Despite scoring the fewest runs in baseball and earning baseball’s worst run differential, the Phillies finished 2016 with 71 wins. They had the league’s eighth-worst record, a modest success after having baseball’s worst a year before.
Since the 2016 season closed, Matt Klentak has been busy upgrading and fine-tuning the Phillies roster. Poor corner outfield performances have been replaced by veterans Howie Kendrick and Michael Saunders, a bullpen that crashed and burned down the stretch has been renovated to include Pat Neshek and Joaquin Benoit, and the heartbreakingly outmatched Ryan Howard is gone, to name a few.
What these upgrades add up to, per PECOTA, is two wins.
That would bring the Phillies to a 73-89 record in 2017.
Why such a small gain?
Two wins seem like a scant gain, especially given the tweaks, upgrades and player development fans anticipate taking shape in the 2017 team. Some are already remarking that the team might vie for a .500 winning percentage. Others are even questioning what the team will do if they stumble into the wild card hunt. If the team is this much better than they were last March, how can it only manifest as two more wins and not, say, five or ten?
Part of the problem is assuming the Phillies were a 71-win team last year and not just a team that won 71 games.
By run differential, it can be argued that the Phillies should have been a 62-100 team last year. This is a Pythagorean winning percentage, which is one way of dividing luck from performance when reflecting upon a team’s record.
I know, I know: what happens on the field is more important than what happens in our supercomputers. Got it.
But PECOTA doesn’t care about last year’s record. It doesn’t start with a 71-win team and add up the improvements they’ve made. PECOTA is almost as cold and heartless as I am, and its projected records are based solely on how players will fare in the year ahead, adding them up into a team-level outcome.
The point is that starting with this building block – what the models say “should have” happened last year – makes the picture more in line with the expectations of many fans. It suggests the team will be 11 wins better than the talent level of their abysmal 2016 offense and inconsistent pitching were.
Where does 73-89 leave the Phillies?
At 73-89, PECOTA tells us, the Phillies would be baseball’s third-worst team.
They will have been passed by the Twins, Reds, Rays, Braves, A’s and Diamondbacks, all of whom were beneath them in last year’s standings. Falling behind the Braves again would hurt the most, I think, especially as both teams endure parallel rebuilds and might gear up for playoff pushes at the same time in future seasons.
Only the Padres and Royals would have worse seasons. With the way writers have presented the current Padres roster, the team could decide to just not show up in 2017 and no one would blame them (or be there to notice). The Phillies don’t want to think of themselves as being in the company of a team with such low expectations.
Are teams passing the Phils by?
With the club looking tuned up in key places going into next year, the expectation should be moving up the standings, not down them. What gives?

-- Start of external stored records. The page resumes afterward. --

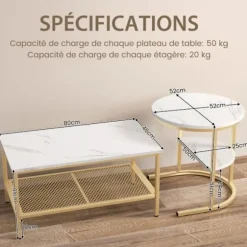 COSTWAY Sæt med 2 Skandinavisk Nesting Sofaborde - Marmor Print Sidebord - Guld Metalramme, Justerbare Fodstøtter gyllene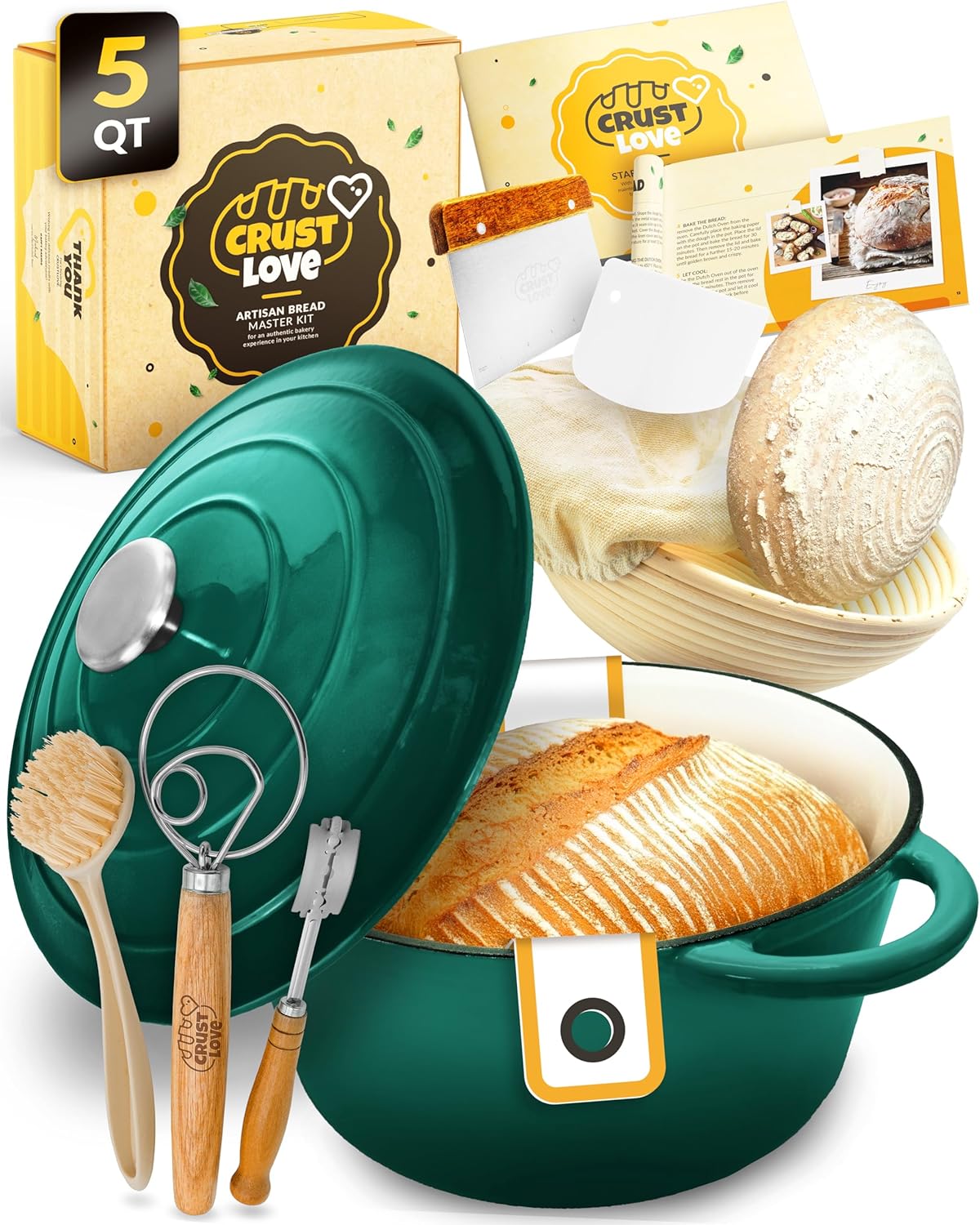 Cast Iron Dutch Oven for Bread Baking with Accessories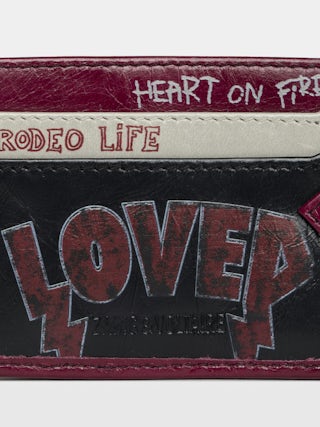 Sunny Pass Punk Kartenhalter - Kartenhalter aus Lackleder mit Vintage-inspiriertem Effekt, mit Medaillon-Charm und Flügel-Signaturen.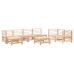 Juego de muebles de jardín 8 piezas madera maciza de pino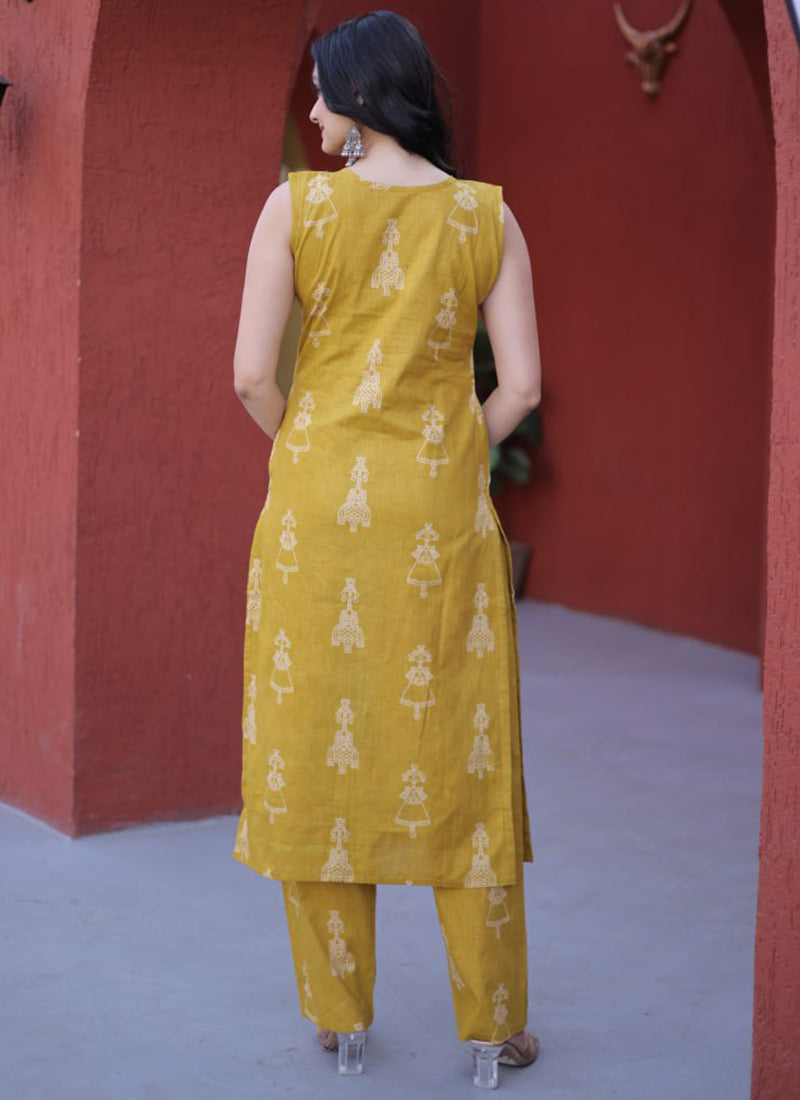 Yellow Cotton Folk Art Printed Outwear Kurti And Pant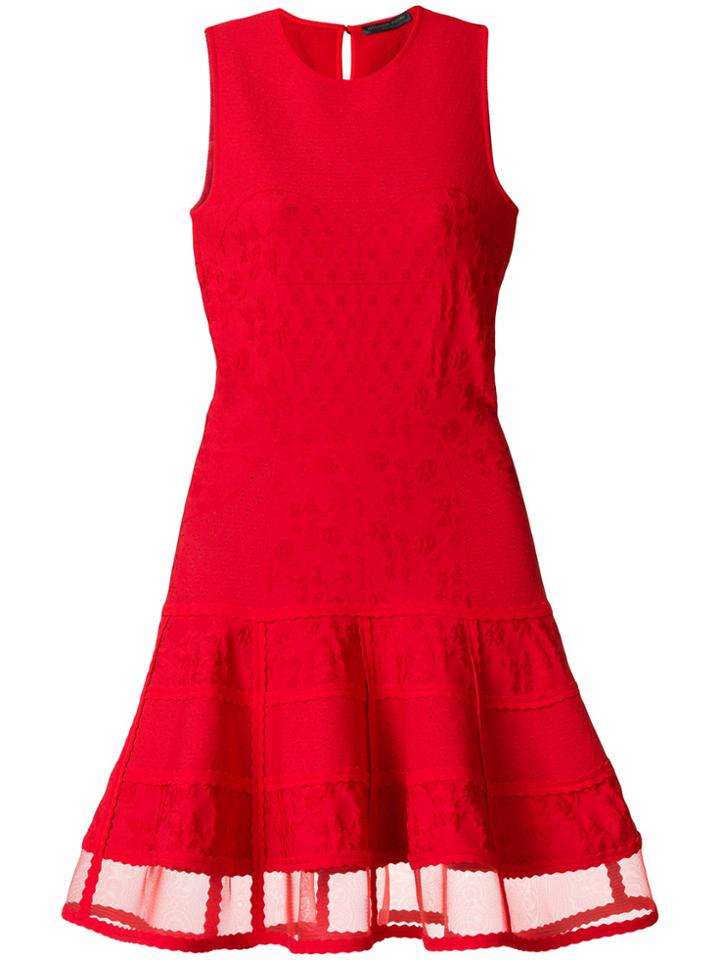 Alexander Mcqueen Sleeveless Knit Dress - Red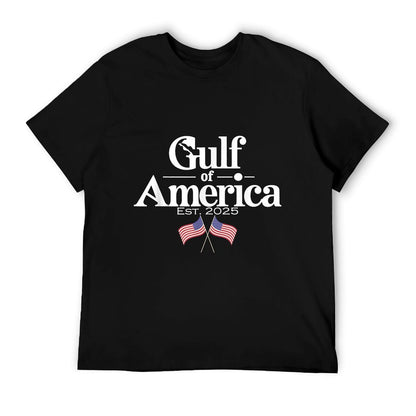 Gulf of United States of America Est 2025 USA American Flag Rolled Sleeves T-Shirt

While it’s possible that some of these teams will improve more than the Phillies have – the Braves, for example, are getting a lot of attention for the young talent they’ve added in the last year – another explanation is that the Phillies were worse than a lot of these teams in 2016, too, and it just didn’t show in the standings.
PECOTA has three means of projecting the record a team “should have” earned, two of which agree that the Phillies had the talent level of a team with a .376 winning percentage in 2016, worth 60 or 61 wins.
The Phillies won many more than 60 games, including starting the season 14-10 in the month of April. They were touching the top of the NL East for a few days, even. After April, though, the story changes.
While April was a positive month for the club, it was also the outlier; in no other month was the team .500 or better, and few would argue that they were an above-.500 team last year.
Taking away the 24 games they played that month – the 14 wins and 10 losses – the team was 57-81. That is, their winning percentage was exactly .375, matching what PECOTA describes as fitting their actual performance. This, being a larger sample size than a single month early in the season, is more likely to be representative of the team’s real merits and shortcomings.
It is possible that some of these other teams made more improvements than the Phillies did. It’s also possible that the Phillies will move ahead of other teams they were behind last season. PECOTA would has us describe the team’s mobility as going from baseball’s worst team to its third-worst, not starting as the eighth-worst and plummeting further.
In that sense, PECOTA, too, agrees that the Phillies have improved— quite a bit, in fact.
The good news: baseball isn’t a spreadsheet
The response to this methodology is easier to predict than a season of baseball.
But I’m not trying to take away any of the accomplishments (for lack of a better term) of the 2016 Phillies or say we’re living in a version of the Matrix where the “real world” is the one described by the computers spitting out projections for us year after year.
The point of this exercise – just like the point of projections to begin with – is to consider more ways of looking at and understanding things like player performance, talent, and even luck and random fluctuation.
There’s good news in the fact that even PECOTA, which was so down on the Phillies as a team last year, confirms that they should be expected to far exceed that performance.
There’s even better news in the fact that projections aren’t a crystal ball. They determine probabilities, not fate, and how the Phillies do in the year ahead is yet to be determined. They could, just as they did last year, have stretches where they look like a much better team than anyone thought, perhaps even passing 73 wins.
Data is important for how it helps us understand the game and even find ways to try to predict future performance. It is not as important, as many will point out, as what happens on the field.